Sangue vivo s’articule autour de ressorts scénaristiques simples, voire banals : deux frères, Pino et Donato, en froid depuis la mort de leur père et une sous-intrigue policière aux allures de psychodrame de village (le premier est trafiquant de cigarettes, le second s’enfonce dans la drogue et les magouilles locales). L’intérêt de ce film est ailleurs : dans la description d’une terre méconnue, le Salento (dans les Pouilles, au plus profond du Sud-Est de l’Italie) et dans la découverte de sa grande tradition musicale. Ce qui unit les deux frères, c’est l’amour de la pizzica, danse compulsive cousine de la Tarentelle, où se mêlent au rythme frénétique des tambourins les déhanchements voluptueux et cathartiques de danseurs proches de l’état de transe.

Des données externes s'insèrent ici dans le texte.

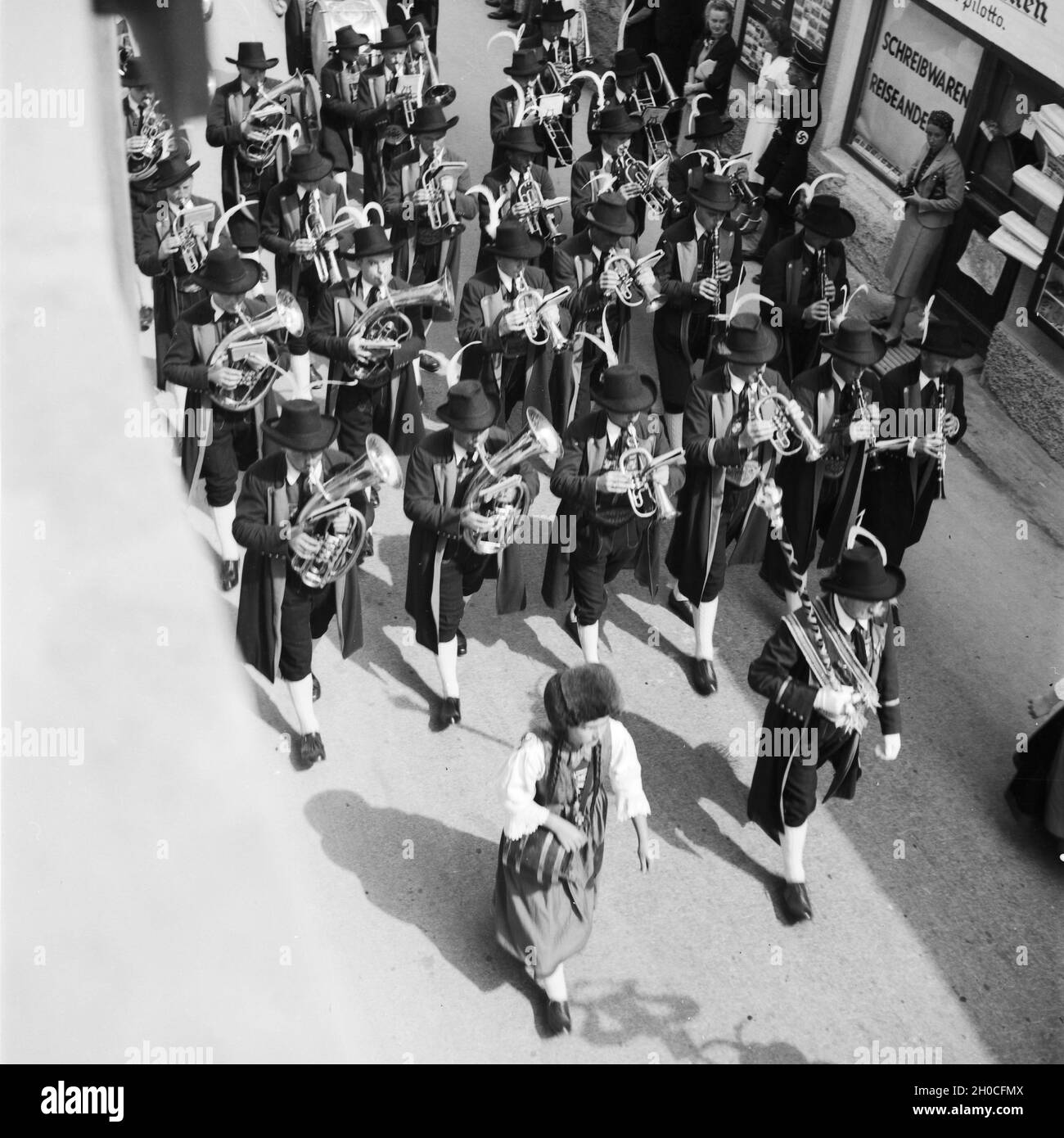 Eine Musikkapelle Zieht Durch Innsbruck in Österreich, Deutschland, 1930er Jahre. Eine Blaskapelle auf seinem Weg durch Innsbruck in Österreich, Deutschland der 1930er Jahre. Stockfoto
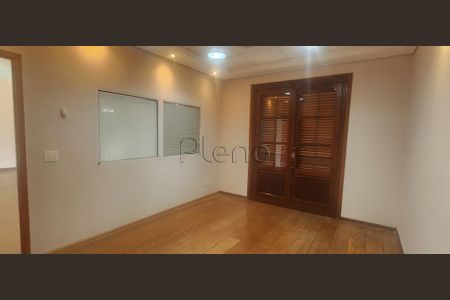 4_photo/94c8cf4157.eb4747a7722cd593-ATLAS-115c501f-76c4-48b2-8d05-b17bf3cdcaee.jpg de casa para alugar com 3 quartos, 490m² em Nova Campinas, Campinas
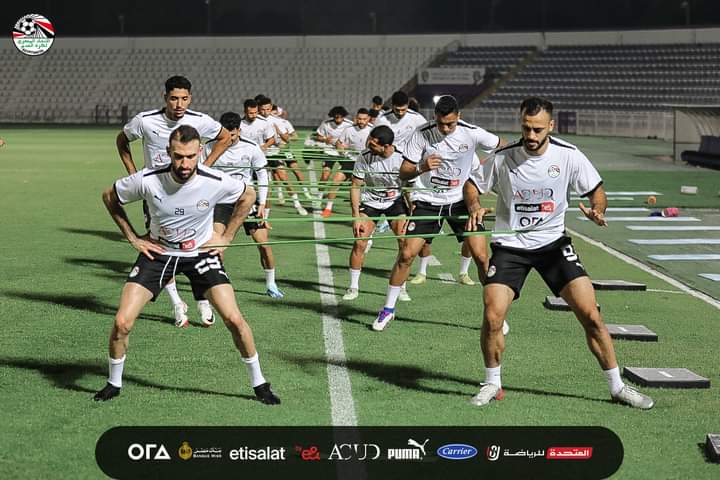 بتواجد أعضاء اتحاد الكرة.. منتخب مصر يواصل تدريباته إستعدادًا لمواجهة الجزائر وديًا - صورة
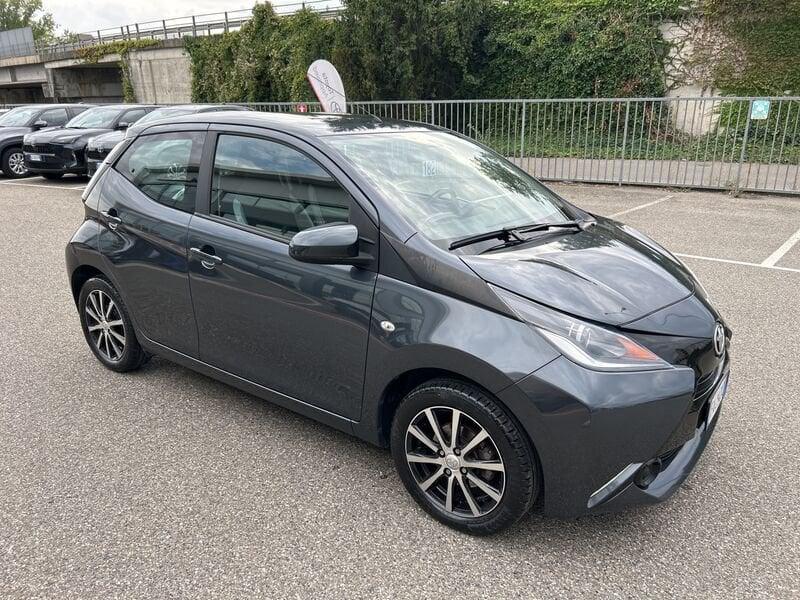 Toyota Aygo Aygo 1.0 VVT-i 69 CV 5 porte x-play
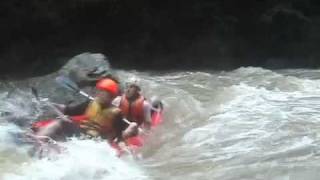 preview picture of video 'Kayaking in Thailand through Lod Cave'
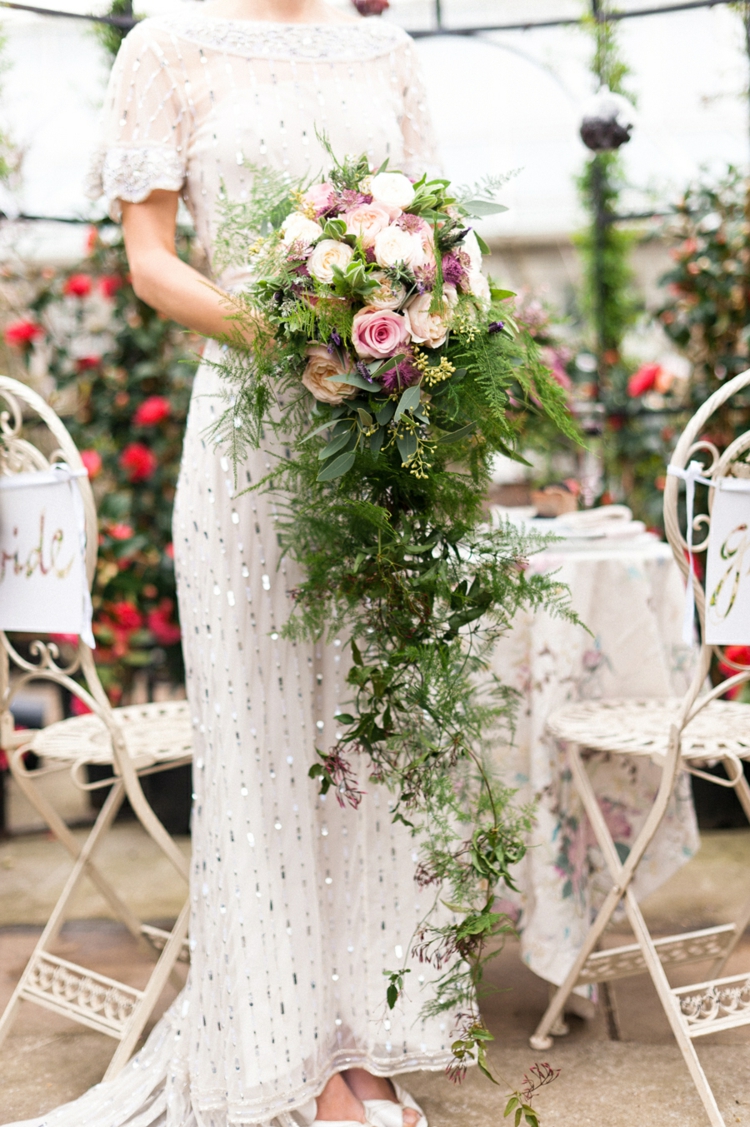 bouquet de mariée en cascade herbe décorative roses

Si l’intrigue du film reste assez commune, on trouve dans Sangue vivo une extraordinaire propension à décrire la puissance sensuelle de cette danse ancestrale. Les scènes musicales, qui s’étendent souvent à l’infini et rythment le film, permettent de rapprocher les deux frères ennemis. La chute dans la drogue de l’un deux ne s’inscrit pas dans une volonté de « polardisation » un peu bâtarde de l’histoire comme en fleurissent tant dans le jeune cinéma français, mais contient en elle une charge métaphorique très judicieuse. A une scène de danse succède une scène de shoot : la descente du plus fragile des deux frères engage une perte de repères et l’échec de sa tentative d’affranchissement vis-à-vis de ses racines profondes. Au contraire, le plus âgé des deux est un musicien reconnu qui tentera de redonner à son frère les moyens de remonter à la surface : retrouver ses origines en exploitant lui aussi ses talents innés de musicien.
Ce film sans prétentions montre les choses sans les dire, à travers une mise en scène tout à la fois sensorielle et suggestive. La musique, les chants, les danses apparaissent comme les parades et détournements d’un récit ouvert sur une sorte de néo-réalisme purement musical. Sa belle photo ensoleillée et vigoureuse, comme le simple fait que les acteurs du film soient eux-mêmes des musiciens (presque) dans leur propre rôle, donnent à Sangue vivo le charme envoûtant et singulier des oeuvres profondément ancrées dans le propos simple et essentiel qui les mobilise.